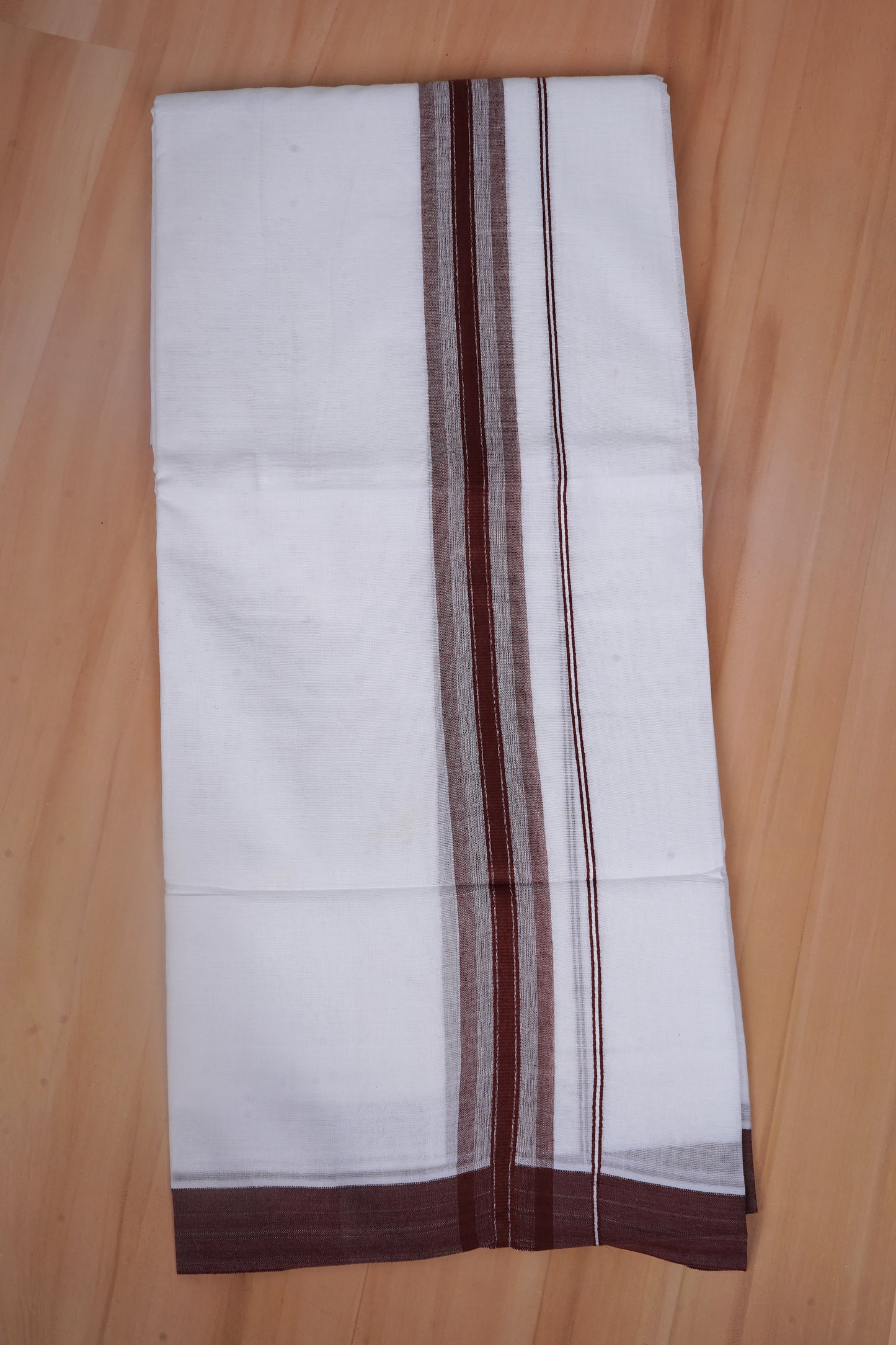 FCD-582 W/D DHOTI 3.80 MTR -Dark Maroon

...

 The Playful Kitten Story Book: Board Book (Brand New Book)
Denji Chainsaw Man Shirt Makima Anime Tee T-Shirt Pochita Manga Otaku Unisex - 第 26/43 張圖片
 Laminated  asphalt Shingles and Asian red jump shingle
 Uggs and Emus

= THE TASK =
Write down again, exactly as given, only the lines above that fall from the line with "red jump shingle" to the line with "Uggs and Emus", inclusive.

= SOLUTION FOR THIS TASK =
 Laminated  asphalt Shingles and Asian red jump shingle
 Uggs and Emus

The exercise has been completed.